**What to work on**
Exclude the pictures, then restate every entry below exactly.

**Given data**
----

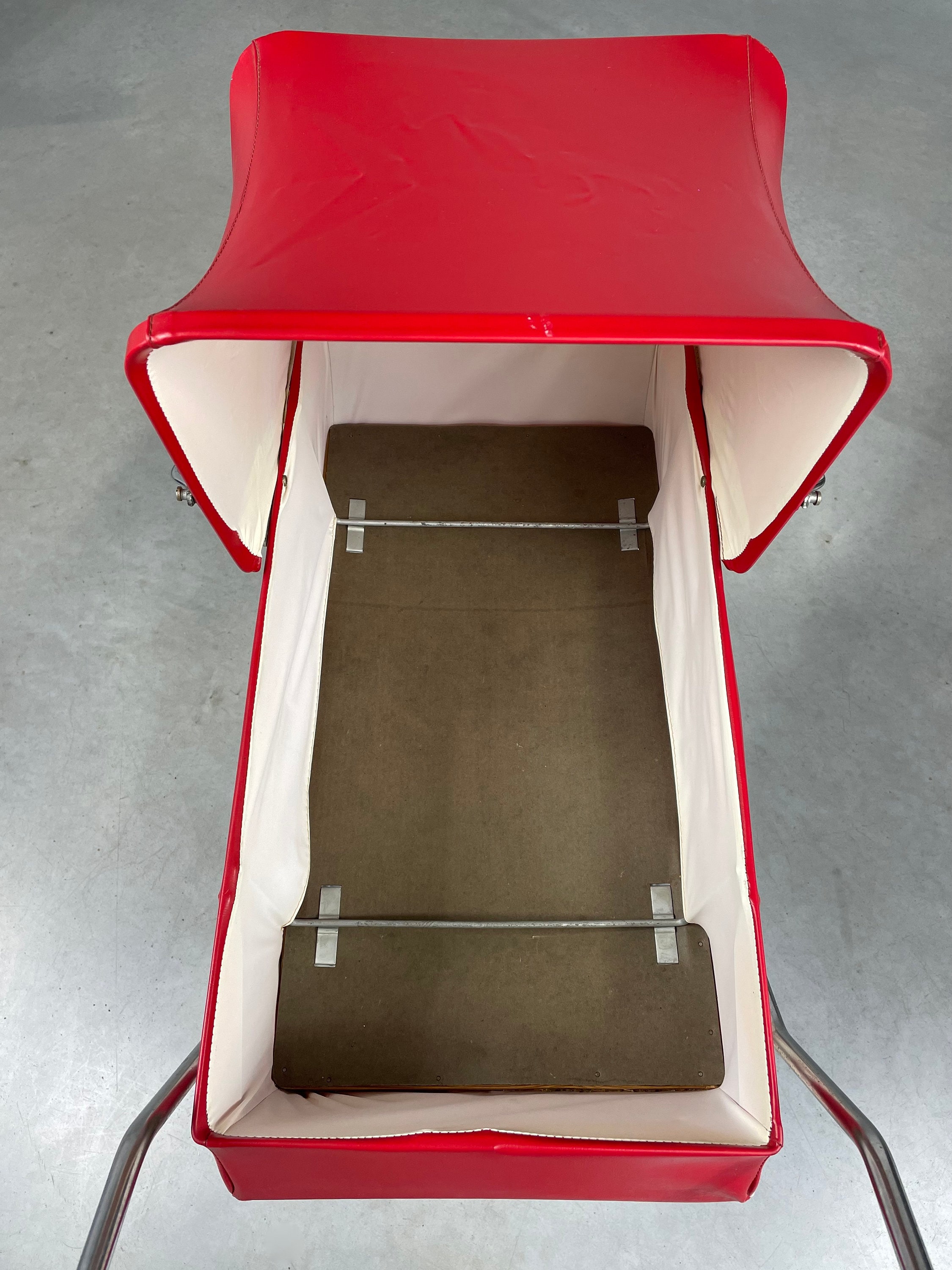 1950年代のヴィンテージ人形用ベビーカー - 高品質なミッド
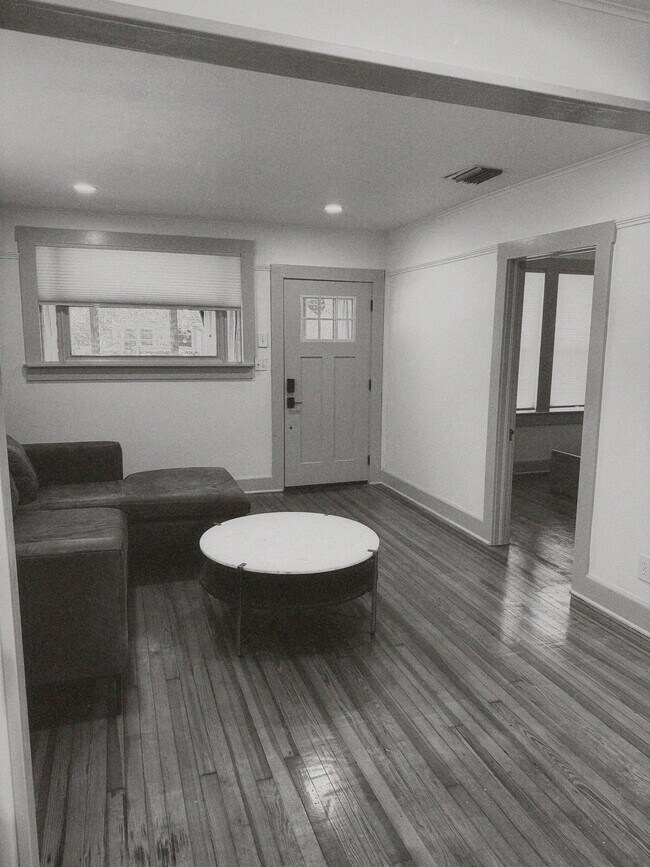 Foto del edificio - 6507 Interbay Blvd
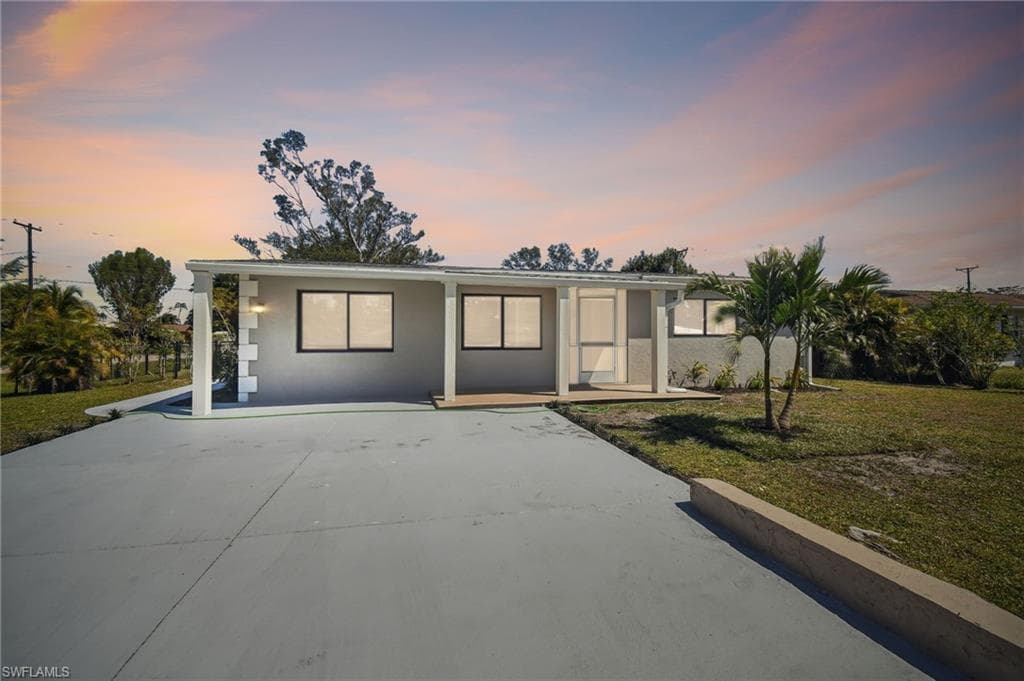 6659 Fiesta WAY FORT MYERS, FL 33919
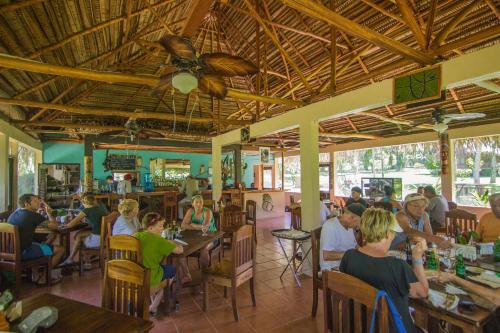 霍普金斯博卡维纳雨林度假村的一群坐在餐厅桌子上的人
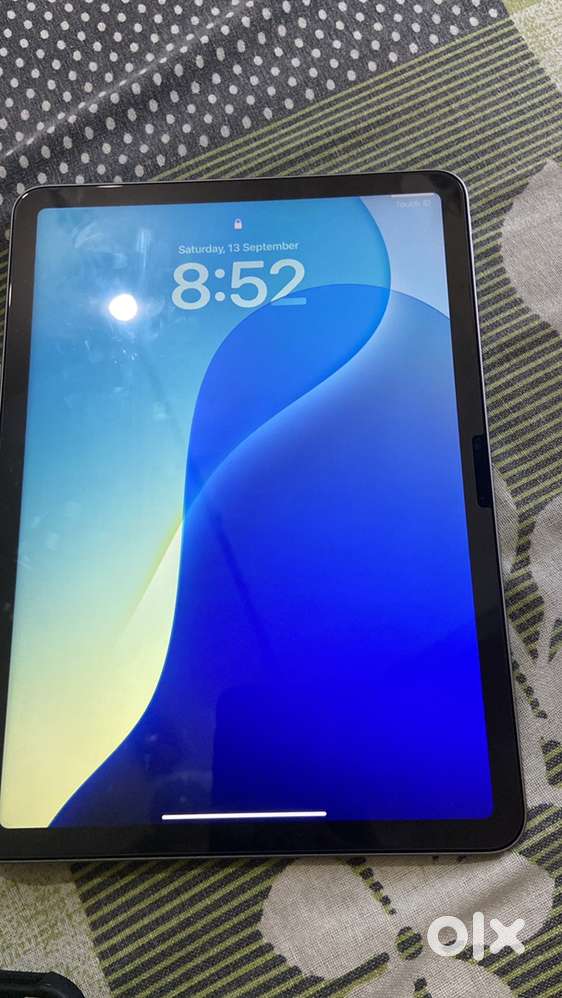 Ipad air m3 128gb 8 days old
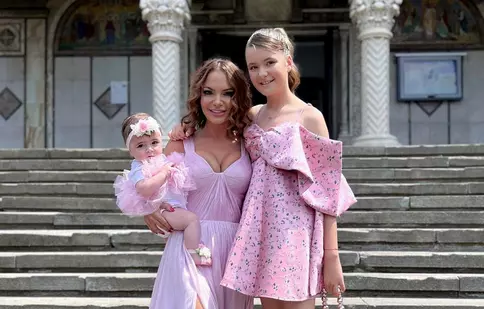 Andreea Antonescu, imagini de senzație de la botezul fiicei sale, Venice Victoria. Ce rochii a purtat artista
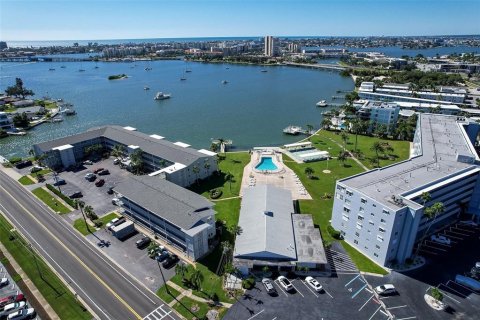 Condo in South Pasadena, Florida, 2 bedrooms  № 2393904 - photo 27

----

**Answer to this problem**
 1950年代のヴィンテージ人形用ベビーカー - 高品質なミッド
 Foto del edificio - 6507 Interbay Blvd
 6659 Fiesta WAY FORT MYERS, FL 33919
 霍普金斯博卡维纳雨林度假村的一群坐在餐厅桌子上的人
 Ipad air m3 128gb 8 days old
 Andreea Antonescu, imagini de senzație de la botezul fiicei sale, Venice Victoria. Ce rochii a purtat artista
 Condo in South Pasadena, Florida, 2 bedrooms  № 2393904 - photo 27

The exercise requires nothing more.